The problem:
Your task is to output every record exactly as it is given.

Records to use:

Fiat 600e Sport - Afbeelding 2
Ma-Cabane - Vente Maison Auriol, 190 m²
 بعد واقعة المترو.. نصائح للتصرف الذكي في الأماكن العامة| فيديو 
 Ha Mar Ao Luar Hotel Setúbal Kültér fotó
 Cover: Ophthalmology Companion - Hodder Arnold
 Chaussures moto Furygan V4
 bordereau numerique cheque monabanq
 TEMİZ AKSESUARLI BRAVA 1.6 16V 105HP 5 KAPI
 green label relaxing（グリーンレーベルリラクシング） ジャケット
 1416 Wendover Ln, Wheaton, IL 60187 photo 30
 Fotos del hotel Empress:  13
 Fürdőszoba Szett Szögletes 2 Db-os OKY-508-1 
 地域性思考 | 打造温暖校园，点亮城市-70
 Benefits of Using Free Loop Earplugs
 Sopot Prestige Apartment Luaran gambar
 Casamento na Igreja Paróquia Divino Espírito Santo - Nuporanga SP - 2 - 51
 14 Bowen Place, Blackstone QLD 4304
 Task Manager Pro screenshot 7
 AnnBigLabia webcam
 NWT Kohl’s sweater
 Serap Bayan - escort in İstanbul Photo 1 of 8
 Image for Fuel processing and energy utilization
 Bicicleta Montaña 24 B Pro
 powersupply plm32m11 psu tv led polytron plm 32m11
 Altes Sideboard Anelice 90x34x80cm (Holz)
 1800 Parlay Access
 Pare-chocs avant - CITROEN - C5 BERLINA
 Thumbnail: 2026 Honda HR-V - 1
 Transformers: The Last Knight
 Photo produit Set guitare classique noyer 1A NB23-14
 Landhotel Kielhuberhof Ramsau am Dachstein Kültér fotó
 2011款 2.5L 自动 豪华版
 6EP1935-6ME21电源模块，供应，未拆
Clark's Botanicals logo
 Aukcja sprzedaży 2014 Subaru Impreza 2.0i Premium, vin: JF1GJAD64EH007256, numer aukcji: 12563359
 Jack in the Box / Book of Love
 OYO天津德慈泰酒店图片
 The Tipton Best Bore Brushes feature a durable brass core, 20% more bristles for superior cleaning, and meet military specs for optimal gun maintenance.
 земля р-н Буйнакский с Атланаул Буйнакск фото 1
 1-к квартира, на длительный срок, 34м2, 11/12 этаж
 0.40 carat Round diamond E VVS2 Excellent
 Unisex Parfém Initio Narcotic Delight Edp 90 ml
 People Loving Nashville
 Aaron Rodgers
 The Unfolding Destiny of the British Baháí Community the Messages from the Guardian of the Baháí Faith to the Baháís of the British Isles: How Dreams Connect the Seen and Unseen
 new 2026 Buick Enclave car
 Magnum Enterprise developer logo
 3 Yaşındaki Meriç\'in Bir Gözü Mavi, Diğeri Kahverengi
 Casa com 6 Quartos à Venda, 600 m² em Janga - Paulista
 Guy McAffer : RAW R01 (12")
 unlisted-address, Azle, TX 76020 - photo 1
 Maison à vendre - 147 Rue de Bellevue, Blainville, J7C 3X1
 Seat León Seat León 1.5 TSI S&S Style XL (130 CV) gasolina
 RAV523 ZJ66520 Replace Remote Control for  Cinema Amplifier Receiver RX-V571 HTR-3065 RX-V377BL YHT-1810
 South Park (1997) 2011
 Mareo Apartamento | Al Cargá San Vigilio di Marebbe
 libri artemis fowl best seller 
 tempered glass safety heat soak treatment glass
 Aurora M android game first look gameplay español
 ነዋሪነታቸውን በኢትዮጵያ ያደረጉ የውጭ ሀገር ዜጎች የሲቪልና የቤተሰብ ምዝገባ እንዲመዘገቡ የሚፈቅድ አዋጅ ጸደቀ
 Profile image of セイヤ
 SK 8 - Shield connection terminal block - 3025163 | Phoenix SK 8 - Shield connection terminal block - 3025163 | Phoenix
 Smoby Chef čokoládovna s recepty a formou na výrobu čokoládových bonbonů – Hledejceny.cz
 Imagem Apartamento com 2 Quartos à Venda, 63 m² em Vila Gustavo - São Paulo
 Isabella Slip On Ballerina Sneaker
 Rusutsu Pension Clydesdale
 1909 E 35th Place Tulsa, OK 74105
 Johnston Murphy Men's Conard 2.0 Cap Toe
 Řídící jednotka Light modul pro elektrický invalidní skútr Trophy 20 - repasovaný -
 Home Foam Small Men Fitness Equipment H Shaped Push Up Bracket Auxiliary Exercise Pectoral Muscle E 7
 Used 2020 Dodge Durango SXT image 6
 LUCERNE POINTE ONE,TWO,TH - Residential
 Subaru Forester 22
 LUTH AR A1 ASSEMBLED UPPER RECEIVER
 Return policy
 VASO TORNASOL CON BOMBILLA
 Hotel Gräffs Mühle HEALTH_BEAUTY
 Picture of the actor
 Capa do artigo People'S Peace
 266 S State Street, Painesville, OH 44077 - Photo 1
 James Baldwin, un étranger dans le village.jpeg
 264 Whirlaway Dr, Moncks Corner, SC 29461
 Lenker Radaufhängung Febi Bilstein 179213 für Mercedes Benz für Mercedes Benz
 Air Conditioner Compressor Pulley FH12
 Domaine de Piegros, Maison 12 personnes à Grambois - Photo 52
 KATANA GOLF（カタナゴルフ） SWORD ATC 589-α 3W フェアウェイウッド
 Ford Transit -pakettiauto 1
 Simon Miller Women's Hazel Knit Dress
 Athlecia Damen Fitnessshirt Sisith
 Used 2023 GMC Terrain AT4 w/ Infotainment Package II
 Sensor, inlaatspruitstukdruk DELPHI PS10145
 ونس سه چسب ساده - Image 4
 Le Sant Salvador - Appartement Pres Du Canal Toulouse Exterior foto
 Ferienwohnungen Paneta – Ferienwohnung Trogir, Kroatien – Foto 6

Result of the exercise:
Fiat 600e Sport - Afbeelding 2
Ma-Cabane - Vente Maison Auriol, 190 m²
 بعد واقعة المترو.. نصائح للتصرف الذكي في الأماكن العامة| فيديو 
 Ha Mar Ao Luar Hotel Setúbal Kültér fotó
 Cover: Ophthalmology Companion - Hodder Arnold
 Chaussures moto Furygan V4
 bordereau numerique cheque monabanq
 TEMİZ AKSESUARLI BRAVA 1.6 16V 105HP 5 KAPI
 green label relaxing（グリーンレーベルリラクシング） ジャケット
 1416 Wendover Ln, Wheaton, IL 60187 photo 30
 Fotos del hotel Empress:  13
 Fürdőszoba Szett Szögletes 2 Db-os OKY-508-1 
 地域性思考 | 打造温暖校园，点亮城市-70
 Benefits of Using Free Loop Earplugs
 Sopot Prestige Apartment Luaran gambar
 Casamento na Igreja Paróquia Divino Espírito Santo - Nuporanga SP - 2 - 51
 14 Bowen Place, Blackstone QLD 4304
 Task Manager Pro screenshot 7
 AnnBigLabia webcam
 NWT Kohl’s sweater
 Serap Bayan - escort in İstanbul Photo 1 of 8
 Image for Fuel processing and energy utilization
 Bicicleta Montaña 24 B Pro
 powersupply plm32m11 psu tv led polytron plm 32m11
 Altes Sideboard Anelice 90x34x80cm (Holz)
 1800 Parlay Access
 Pare-chocs avant - CITROEN - C5 BERLINA
 Thumbnail: 2026 Honda HR-V - 1
 Transformers: The Last Knight
 Photo produit Set guitare classique noyer 1A NB23-14
 Landhotel Kielhuberhof Ramsau am Dachstein Kültér fotó
 2011款 2.5L 自动 豪华版
 6EP1935-6ME21电源模块，供应，未拆
Clark's Botanicals logo
 Aukcja sprzedaży 2014 Subaru Impreza 2.0i Premium, vin: JF1GJAD64EH007256, numer aukcji: 12563359
 Jack in the Box / Book of Love
 OYO天津德慈泰酒店图片
 The Tipton Best Bore Brushes feature a durable brass core, 20% more bristles for superior cleaning, and meet military specs for optimal gun maintenance.
 земля р-н Буйнакский с Атланаул Буйнакск фото 1
 1-к квартира, на длительный срок, 34м2, 11/12 этаж
 0.40 carat Round diamond E VVS2 Excellent
 Unisex Parfém Initio Narcotic Delight Edp 90 ml
 People Loving Nashville
 Aaron Rodgers
 The Unfolding Destiny of the British Baháí Community the Messages from the Guardian of the Baháí Faith to the Baháís of the British Isles: How Dreams Connect the Seen and Unseen
 new 2026 Buick Enclave car
 Magnum Enterprise developer logo
 3 Yaşındaki Meriç\'in Bir Gözü Mavi, Diğeri Kahverengi
 Casa com 6 Quartos à Venda, 600 m² em Janga - Paulista
 Guy McAffer : RAW R01 (12")
 unlisted-address, Azle, TX 76020 - photo 1
 Maison à vendre - 147 Rue de Bellevue, Blainville, J7C 3X1
 Seat León Seat León 1.5 TSI S&S Style XL (130 CV) gasolina
 RAV523 ZJ66520 Replace Remote Control for  Cinema Amplifier Receiver RX-V571 HTR-3065 RX-V377BL YHT-1810
 South Park (1997) 2011
 Mareo Apartamento | Al Cargá San Vigilio di Marebbe
 libri artemis fowl best seller 
 tempered glass safety heat soak treatment glass
 Aurora M android game first look gameplay español
 ነዋሪነታቸውን በኢትዮጵያ ያደረጉ የውጭ ሀገር ዜጎች የሲቪልና የቤተሰብ ምዝገባ እንዲመዘገቡ የሚፈቅድ አዋጅ ጸደቀ
 Profile image of セイヤ
 SK 8 - Shield connection terminal block - 3025163 | Phoenix SK 8 - Shield connection terminal block - 3025163 | Phoenix
 Smoby Chef čokoládovna s recepty a formou na výrobu čokoládových bonbonů – Hledejceny.cz
 Imagem Apartamento com 2 Quartos à Venda, 63 m² em Vila Gustavo - São Paulo
 Isabella Slip On Ballerina Sneaker
 Rusutsu Pension Clydesdale
 1909 E 35th Place Tulsa, OK 74105
 Johnston Murphy Men's Conard 2.0 Cap Toe
 Řídící jednotka Light modul pro elektrický invalidní skútr Trophy 20 - repasovaný -
 Home Foam Small Men Fitness Equipment H Shaped Push Up Bracket Auxiliary Exercise Pectoral Muscle E 7
 Used 2020 Dodge Durango SXT image 6
 LUCERNE POINTE ONE,TWO,TH - Residential
 Subaru Forester 22
 LUTH AR A1 ASSEMBLED UPPER RECEIVER
 Return policy
 VASO TORNASOL CON BOMBILLA
 Hotel Gräffs Mühle HEALTH_BEAUTY
 Picture of the actor
 Capa do artigo People'S Peace
 266 S State Street, Painesville, OH 44077 - Photo 1
 James Baldwin, un étranger dans le village.jpeg
 264 Whirlaway Dr, Moncks Corner, SC 29461
 Lenker Radaufhängung Febi Bilstein 179213 für Mercedes Benz für Mercedes Benz
 Air Conditioner Compressor Pulley FH12
 Domaine de Piegros, Maison 12 personnes à Grambois - Photo 52
 KATANA GOLF（カタナゴルフ） SWORD ATC 589-α 3W フェアウェイウッド
 Ford Transit -pakettiauto 1
 Simon Miller Women's Hazel Knit Dress
 Athlecia Damen Fitnessshirt Sisith
 Used 2023 GMC Terrain AT4 w/ Infotainment Package II
 Sensor, inlaatspruitstukdruk DELPHI PS10145
 ونس سه چسب ساده - Image 4
 Le Sant Salvador - Appartement Pres Du Canal Toulouse Exterior foto
 Ferienwohnungen Paneta – Ferienwohnung Trogir, Kroatien – Foto 6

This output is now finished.